Noise benefits in combined nonlinear Bayesian estimators

Abstract

This paper investigates the benefits of intentionally adding noise to a Bayesian estimator, which comprises a linear combination of a number of individual Bayesian estimators that are perturbed by mutually independent noise sources and multiplied by a set of adjustable weighting coefficients. We prove that the Bayes risk for the mean square error (MSE) criterion is minimized when the same optimum weighting coefficients are assigned to the identical estimators in the combiner. This property leads to a simplified analysis of the noise benefit to the MSE of the combined Bayesian estimator even when the number of individual estimators tends to infinity.
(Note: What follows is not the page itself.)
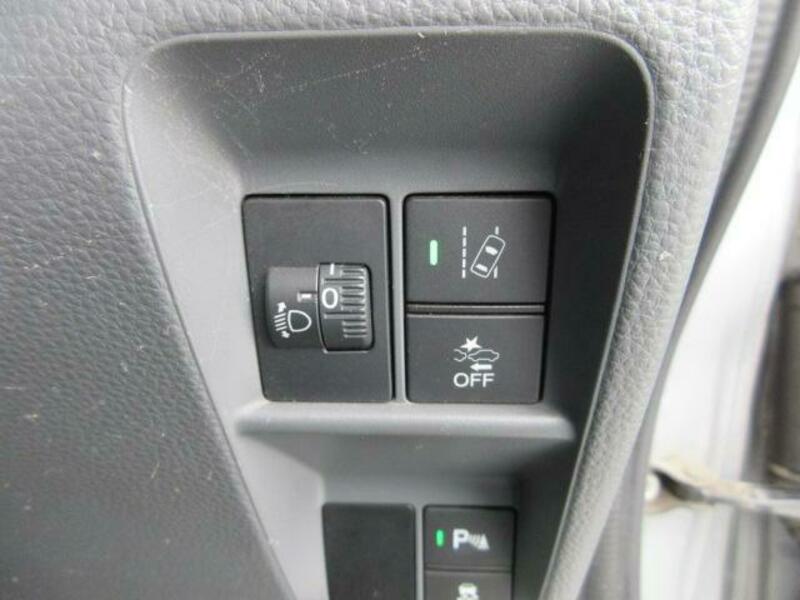 N-VAN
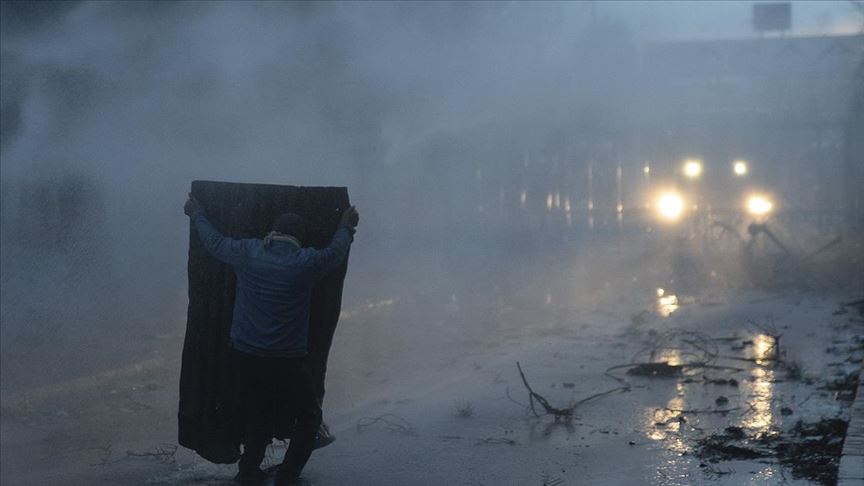 Yunanistan'dan sığınmacılara gaz bombası ve tazyikli suyla müdahale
It is shown that, for a sufficiently large number of individual estimators, the MSE of the designed Bayesian estimator approaches a plateau for a wide range of added noise levels. This robust feature facilitates the incorporation of the added noise into the design of Bayesian estimators without tuning the noise level. For an easily implementable Bayesian estimator composed of quantizers, the benefit of the symmetric scale-family noise is demonstrated, and the optimal noise probability density function is approximated by solving a constrained nonlinear optimization problem. We further extend this potential Bayesian estimator to the nonlinear filter design. Finally, examples of the noise benefits in random parameter estimation and nonlinear filtering support the theoretical analyses.